Quando il vantaggio è doppio Risparmio fiscale e previdenza

Con la previdenza per la vecchiaia il risparmio fiscale c’è sia prima sia dopo. Ecco i nostri consigli su come funziona.

di UBS Wissen 20 feb 2019

La previdenza per la vecchiaia è interessante anche dal punto di vista fiscale. Sia nella fase di accumulo che in quella di erogazione del capitale previdenziale, è possibile risparmiare sulle imposte.

Risparmiare con il pilastro 3a

Ogni anno potete versare contributi nel pilastro 3a per un tetto massimo, nel 2019, di 6826 franchi. Le persone non iscritte a una cassa pensioni possono versare il 20% del reddito netto nel pilastro 3a per un massimo di 34 128 franchi l’anno (2019). Tali somme sono interamente deducibili dal reddito imponibile.

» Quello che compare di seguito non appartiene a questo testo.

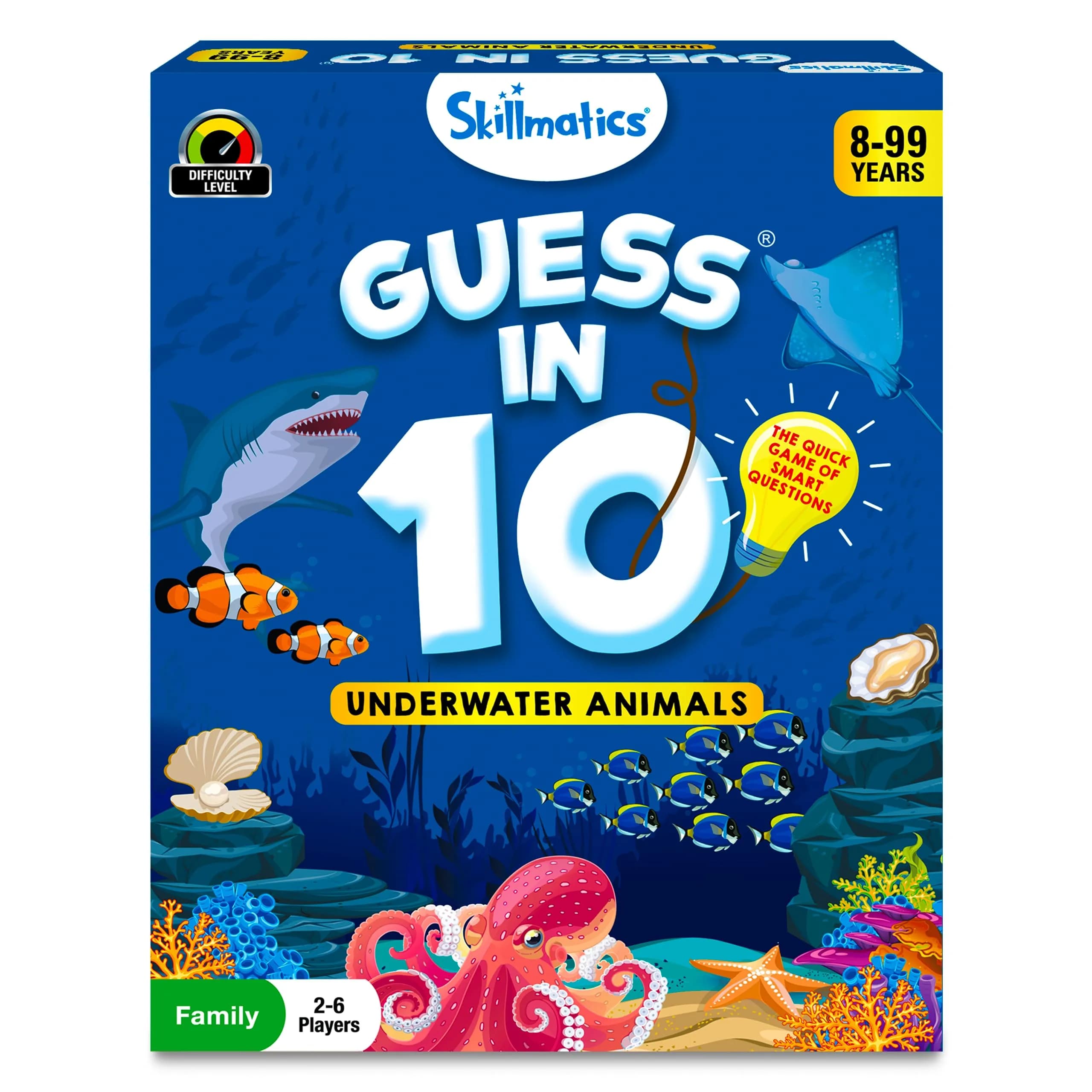 Skillmatics Guess in 10 Underwater Animals Card Game, Educational Travel Toy for Kids Ages 8+ | 50 Game Cards - main product image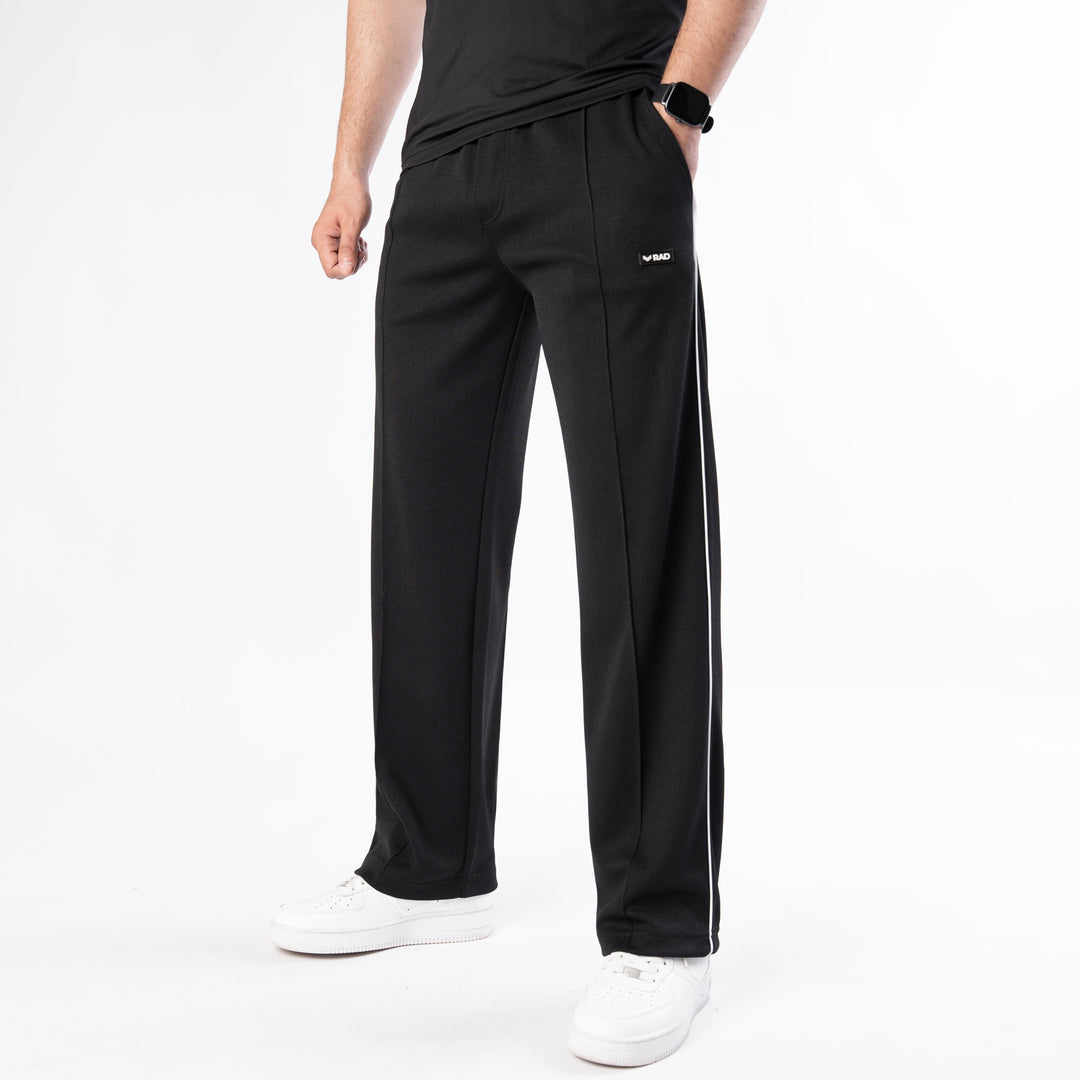 Black Front Stitch Trousers with White Piping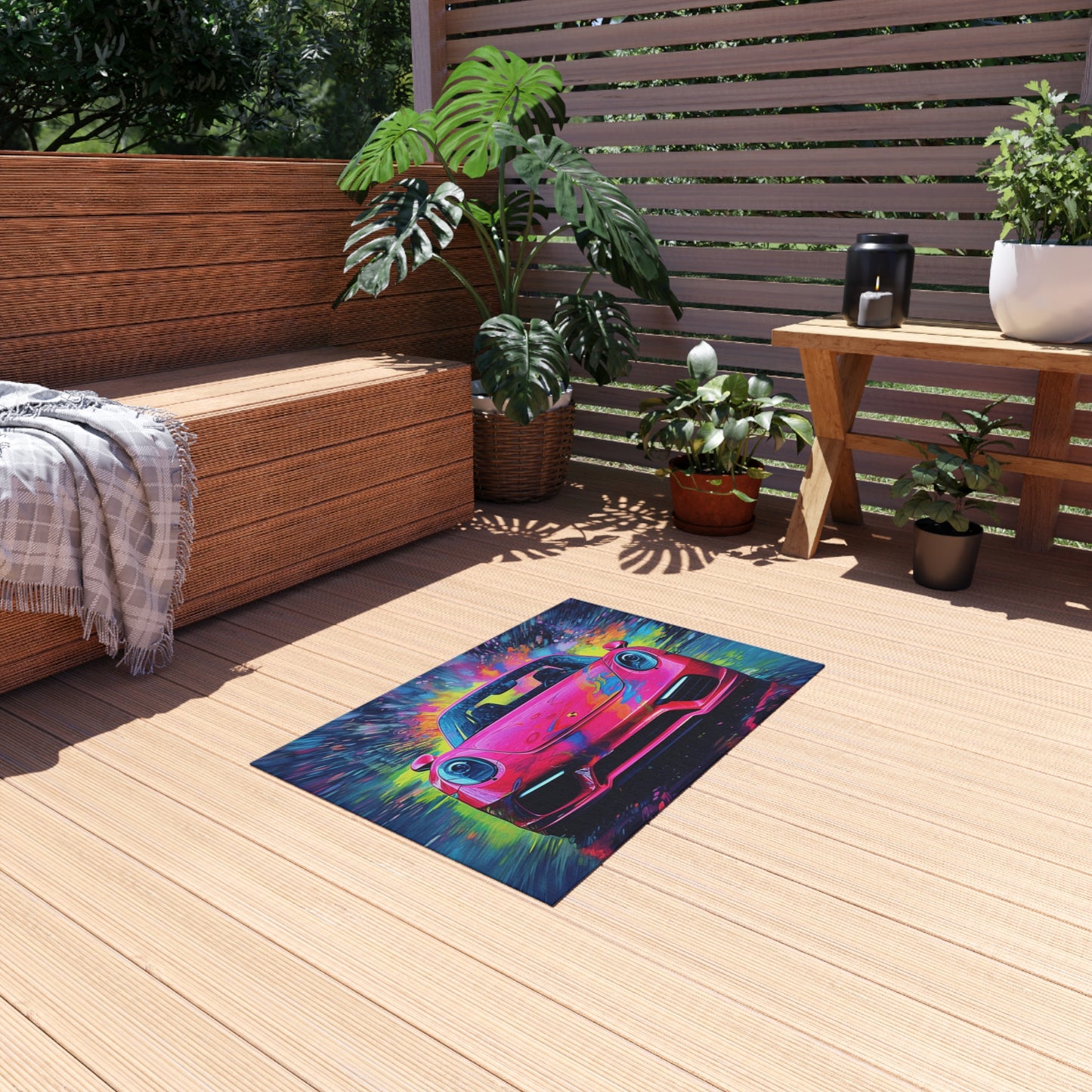 Outdoor Rug  Pink Porsche water fusion 3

Versamenti volontari nella cassa pensioni

Per colmare eventuali lacune previdenziali è possibile effettuare versamenti volontari nella cassa pensioni. Ad esempio, si genera un potenziale di acquisto in seguito a una pausa per maternità con conseguenti anni di contribuzione mancanti. Dal punto di vista fiscale è possibile dedurre interamente anche queste somme.

Pagamento scaglionato dei fondi previdenziali

A seconda del cantone, è possibile un notevole risparmio riscattando il capitale previdenziale in modo scaglionato.

Cercate quindi di scaglionare nel tempo il versamento del capitale del pilastro 3a, della cassa pensioni o, se presente, della fondazione di libero passaggio. Questo è ad esempio possibile anche tramite vari conti del pilastro 3a. Aprite un nuovo conto del pilastro 3a non appena il conto 3a esistente ha raggiunto ad esempio i 50 000 franchi.

Altri consigli di risparmio fiscale

Anche in ambito immobiliare è possibile pagare meno imposte. Potete ad esempio detrarre fiscalmente le spese di manutenzione o ristrutturazione di un immobile, preferibilmente distribuendole su più anni. Ridurrete così più volte il carico impositivo su base progressiva.

Ai lavoratori che stanno pianificando una lunga pausa non pagata, si consiglia di suddividerla a cavallo tra due anni: data la scala impositiva progressiva riducete così al minimo il carico fiscale.

Alle coppie in cui entrambi i partner lavorano suggeriamo di sposarsi all’inizio dell’anno e non alla fine: così evitate una maggiore imposizione nell’anno precedente.